What you will do:
Each line from the one containing "A Moment in Bloom" through the end of the data must be retyped exactly, and no other line.

Material to process:
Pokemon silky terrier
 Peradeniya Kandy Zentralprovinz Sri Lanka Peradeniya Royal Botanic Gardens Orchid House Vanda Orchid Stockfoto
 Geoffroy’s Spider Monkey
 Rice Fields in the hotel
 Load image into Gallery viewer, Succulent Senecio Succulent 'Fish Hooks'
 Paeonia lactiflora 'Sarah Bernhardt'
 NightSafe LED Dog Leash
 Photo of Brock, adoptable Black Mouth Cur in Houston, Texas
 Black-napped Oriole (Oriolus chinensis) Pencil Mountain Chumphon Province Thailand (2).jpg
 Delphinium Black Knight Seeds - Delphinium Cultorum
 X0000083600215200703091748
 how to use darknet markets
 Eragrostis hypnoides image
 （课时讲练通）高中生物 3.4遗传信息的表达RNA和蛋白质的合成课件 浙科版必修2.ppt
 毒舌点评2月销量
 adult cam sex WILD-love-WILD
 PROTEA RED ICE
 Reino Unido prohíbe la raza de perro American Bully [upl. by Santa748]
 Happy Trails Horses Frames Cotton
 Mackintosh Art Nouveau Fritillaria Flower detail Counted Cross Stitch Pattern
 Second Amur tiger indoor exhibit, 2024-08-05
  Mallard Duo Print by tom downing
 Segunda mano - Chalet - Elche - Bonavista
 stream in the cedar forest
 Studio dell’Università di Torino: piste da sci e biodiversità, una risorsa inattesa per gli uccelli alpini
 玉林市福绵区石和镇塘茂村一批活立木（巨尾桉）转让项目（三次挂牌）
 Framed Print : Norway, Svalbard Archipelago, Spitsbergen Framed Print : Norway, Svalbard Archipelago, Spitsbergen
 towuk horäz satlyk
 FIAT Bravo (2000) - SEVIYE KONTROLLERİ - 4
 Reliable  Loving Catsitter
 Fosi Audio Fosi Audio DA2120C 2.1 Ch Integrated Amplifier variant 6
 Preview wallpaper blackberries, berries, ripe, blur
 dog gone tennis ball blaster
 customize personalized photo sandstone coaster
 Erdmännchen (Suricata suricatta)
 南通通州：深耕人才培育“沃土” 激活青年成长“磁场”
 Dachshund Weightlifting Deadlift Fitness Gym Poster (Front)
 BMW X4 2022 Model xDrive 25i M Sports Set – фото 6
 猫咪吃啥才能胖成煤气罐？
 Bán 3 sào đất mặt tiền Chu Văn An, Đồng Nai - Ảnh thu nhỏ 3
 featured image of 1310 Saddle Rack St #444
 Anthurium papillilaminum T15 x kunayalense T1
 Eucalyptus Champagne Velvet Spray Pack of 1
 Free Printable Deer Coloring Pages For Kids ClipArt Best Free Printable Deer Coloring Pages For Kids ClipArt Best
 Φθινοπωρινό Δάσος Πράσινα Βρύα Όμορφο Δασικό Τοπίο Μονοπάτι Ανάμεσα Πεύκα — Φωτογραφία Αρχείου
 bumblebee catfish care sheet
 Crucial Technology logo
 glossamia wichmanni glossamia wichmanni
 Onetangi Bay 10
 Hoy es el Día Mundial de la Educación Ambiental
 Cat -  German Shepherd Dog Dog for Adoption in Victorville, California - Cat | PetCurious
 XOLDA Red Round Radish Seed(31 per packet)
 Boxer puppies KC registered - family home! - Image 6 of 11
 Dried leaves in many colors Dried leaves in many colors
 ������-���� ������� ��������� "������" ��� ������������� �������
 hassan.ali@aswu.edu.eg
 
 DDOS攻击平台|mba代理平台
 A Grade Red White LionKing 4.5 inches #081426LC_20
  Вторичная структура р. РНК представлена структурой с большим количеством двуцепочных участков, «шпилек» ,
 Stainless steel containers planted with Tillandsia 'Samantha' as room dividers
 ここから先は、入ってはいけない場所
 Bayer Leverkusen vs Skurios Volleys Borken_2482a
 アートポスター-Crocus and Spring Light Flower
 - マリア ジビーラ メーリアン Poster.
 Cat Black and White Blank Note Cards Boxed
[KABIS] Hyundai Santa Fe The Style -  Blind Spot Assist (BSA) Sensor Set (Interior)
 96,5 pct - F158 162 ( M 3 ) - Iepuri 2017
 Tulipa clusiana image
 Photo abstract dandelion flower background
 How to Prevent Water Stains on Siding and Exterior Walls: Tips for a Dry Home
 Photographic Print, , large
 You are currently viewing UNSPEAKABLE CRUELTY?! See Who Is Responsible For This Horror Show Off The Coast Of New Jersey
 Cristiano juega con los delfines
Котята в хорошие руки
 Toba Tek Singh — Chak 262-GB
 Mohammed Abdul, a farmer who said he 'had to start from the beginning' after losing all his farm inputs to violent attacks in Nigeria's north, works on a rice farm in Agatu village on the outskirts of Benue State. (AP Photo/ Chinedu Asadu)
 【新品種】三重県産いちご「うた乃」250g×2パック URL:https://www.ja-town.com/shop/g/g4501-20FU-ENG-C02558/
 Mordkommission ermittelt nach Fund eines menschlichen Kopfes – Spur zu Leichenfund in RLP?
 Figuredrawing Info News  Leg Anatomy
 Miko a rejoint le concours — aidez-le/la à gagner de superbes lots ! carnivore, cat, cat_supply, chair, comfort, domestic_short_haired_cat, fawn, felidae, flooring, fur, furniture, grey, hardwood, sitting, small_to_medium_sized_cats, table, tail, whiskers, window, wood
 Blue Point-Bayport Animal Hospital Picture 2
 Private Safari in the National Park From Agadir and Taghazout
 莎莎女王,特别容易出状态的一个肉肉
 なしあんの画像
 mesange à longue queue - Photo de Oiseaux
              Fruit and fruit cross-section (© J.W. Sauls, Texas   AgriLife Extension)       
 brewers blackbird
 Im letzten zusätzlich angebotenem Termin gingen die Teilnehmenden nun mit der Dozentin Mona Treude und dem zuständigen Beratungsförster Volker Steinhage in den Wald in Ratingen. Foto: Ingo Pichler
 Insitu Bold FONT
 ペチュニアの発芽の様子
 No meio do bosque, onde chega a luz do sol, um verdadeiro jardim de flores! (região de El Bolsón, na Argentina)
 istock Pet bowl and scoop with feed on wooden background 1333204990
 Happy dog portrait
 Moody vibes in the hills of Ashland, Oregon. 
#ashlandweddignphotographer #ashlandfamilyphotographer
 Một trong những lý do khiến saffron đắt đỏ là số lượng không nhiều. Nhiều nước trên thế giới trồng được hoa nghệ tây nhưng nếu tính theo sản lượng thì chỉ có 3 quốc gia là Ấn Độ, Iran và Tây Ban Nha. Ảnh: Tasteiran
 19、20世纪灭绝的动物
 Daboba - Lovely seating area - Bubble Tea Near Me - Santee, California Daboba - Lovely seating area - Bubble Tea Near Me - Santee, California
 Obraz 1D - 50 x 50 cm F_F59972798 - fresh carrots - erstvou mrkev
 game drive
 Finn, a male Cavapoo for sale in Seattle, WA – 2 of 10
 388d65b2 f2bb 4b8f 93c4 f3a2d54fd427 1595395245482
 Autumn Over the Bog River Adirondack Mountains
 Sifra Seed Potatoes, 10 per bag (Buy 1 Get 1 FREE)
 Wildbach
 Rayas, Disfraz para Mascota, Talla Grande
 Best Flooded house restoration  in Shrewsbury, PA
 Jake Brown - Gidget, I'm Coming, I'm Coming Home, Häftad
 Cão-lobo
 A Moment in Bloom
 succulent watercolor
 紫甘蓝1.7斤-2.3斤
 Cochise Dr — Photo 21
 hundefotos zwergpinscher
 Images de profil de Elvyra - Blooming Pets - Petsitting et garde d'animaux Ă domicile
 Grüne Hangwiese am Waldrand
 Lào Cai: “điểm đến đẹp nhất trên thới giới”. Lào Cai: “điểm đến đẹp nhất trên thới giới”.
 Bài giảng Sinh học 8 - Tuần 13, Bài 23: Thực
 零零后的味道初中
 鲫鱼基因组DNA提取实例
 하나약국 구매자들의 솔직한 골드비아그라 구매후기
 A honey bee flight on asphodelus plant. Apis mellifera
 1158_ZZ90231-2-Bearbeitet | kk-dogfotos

Result:
 A Moment in Bloom
 succulent watercolor
 紫甘蓝1.7斤-2.3斤
 Cochise Dr — Photo 21
 hundefotos zwergpinscher
 Images de profil de Elvyra - Blooming Pets - Petsitting et garde d'animaux Ă domicile
 Grüne Hangwiese am Waldrand
 Lào Cai: “điểm đến đẹp nhất trên thới giới”. Lào Cai: “điểm đến đẹp nhất trên thới giới”.
 Bài giảng Sinh học 8 - Tuần 13, Bài 23: Thực
 零零后的味道初中
 鲫鱼基因组DNA提取实例
 하나약국 구매자들의 솔직한 골드비아그라 구매후기
 A honey bee flight on asphodelus plant. Apis mellifera
 1158_ZZ90231-2-Bearbeitet | kk-dogfotos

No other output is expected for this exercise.